Want to stick with EC2, build out your infrastructure in an alternate availability zone or region and you’re back up and running in hours.  Or better yet have an alternate cloud provider on hand to handle these rare outages.  The choice is yours.

Mitigate risk?  Yes indeed failure is more common in the cloud, but recovery is also easier.  Failure should pressure the adoption of best practices and force discipline in deployments, not make you more of a gunslinger!

Want to see an extreme example of how this can play in your favor?  Read Jeff Atwood’s discussion of so-called Chaos Monkey, a component whose sole job it is to randomly kill off servers in the Netflix environment at random.  Now that type of gunslinging will surely keep everyone on their toes!  Here’s a Wired article that discusses Chaos Monkey.

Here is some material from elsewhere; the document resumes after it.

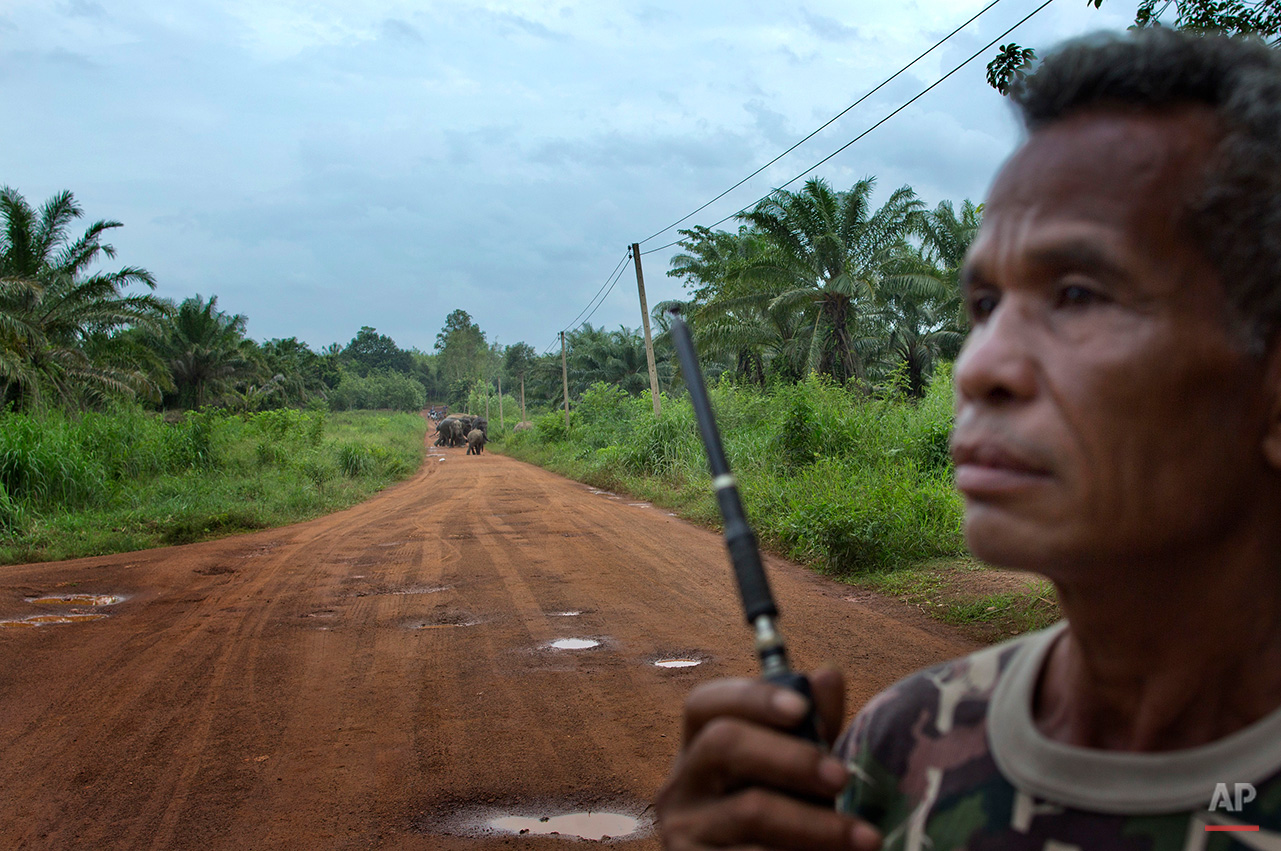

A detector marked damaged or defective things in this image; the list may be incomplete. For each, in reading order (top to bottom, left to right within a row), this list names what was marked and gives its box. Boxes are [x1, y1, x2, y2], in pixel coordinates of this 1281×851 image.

muddy pothole [488, 812, 640, 840]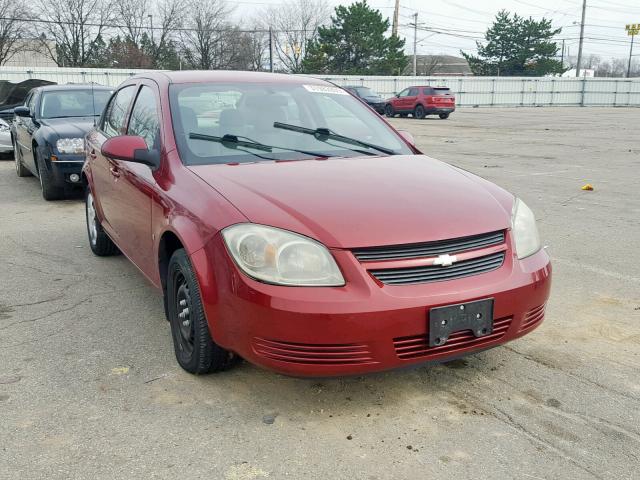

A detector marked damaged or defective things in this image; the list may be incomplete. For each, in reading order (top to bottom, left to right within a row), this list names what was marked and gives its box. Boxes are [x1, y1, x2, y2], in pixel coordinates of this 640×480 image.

cracked pavement [0, 109, 636, 480]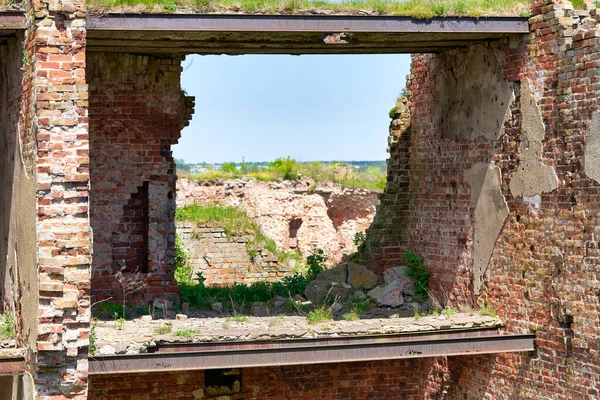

George Reese of enStratus discusses the recent failure at length.  The I would argue calling Amazon’s outage the Cloud’s Shing Moment, all of his points are wisened and this is the direction we should all be moving.

Going The Way of Commodity Hardware

Though it is still not obvious to everyone, I’ll spell it out loud and clear.  Like it or not, the cloud is coming.  Look at these numbers.

Furthermore the recent outage also highlights how much and how many internet sites rely on cloud computing, and Amazon EC2.
Way back in 2001 I authored a book on O’Reilly called “Oracle and Open Source”.  In it I discussed the technologies I was seeing in the real world.  Oracle on the backend and Linux, Apache, and PHP, Perl or some other language on the frontend.  These were the technologies that startups were using.  They were fast, cheap and with the right smarts reliable too.

Around that time Oracle started smelling the coffee and ported it’s enterprise database to Linux.  The equation for them was simple.  Customers that were previously paying tons of money to their good friend and confidant Sun for hardware, could now spend 1/10th as much on hardware and shift a lot of that left over cash to – you guessed it Oracle!  The hardware wasn’t as good, but who cares because you can get a lot more of it.

Despite a long entrenched and trusted brand like Sun being better and more reliable, guess what?  Folks still switched to commodity hardware.  Now this is so obvious, no one questions it.  But the same trend is happening with cloud computing.

Performance is variable, disk I/O can be iffy, and what’s more the recent outage illustrates front and center, the servers and network can crash at any moment.  Who in their right mind would want to move to this platform?

If that’s the question you’re stuck on, you’re still stuck on the old model.  You have not truely comprehended the power to build infrastructure with code, to provision through automation, and really embrace managing those components as software.  As the internet itself has the ability to route around political strife, and network outages, so too does cloud computing bring that power to mom & pop web shops.

Conclusions

  • Have existing investments in hardware?  Slow and cautious adoption makes most sense for you.
  • Have seasonal traffic variations?  An application like this is uniquely suited to the cloud.  In fact some of the gaming applications which can autoscale to 10x or 100x servers under load, are newly solveable with the advent of cloud computing.
  • Are you currently paying a lot for disaster recovery systems that primarily lay idle.  Script your infrastructure for rebuilding from bare metal, and save that part of the budget for more useful projects.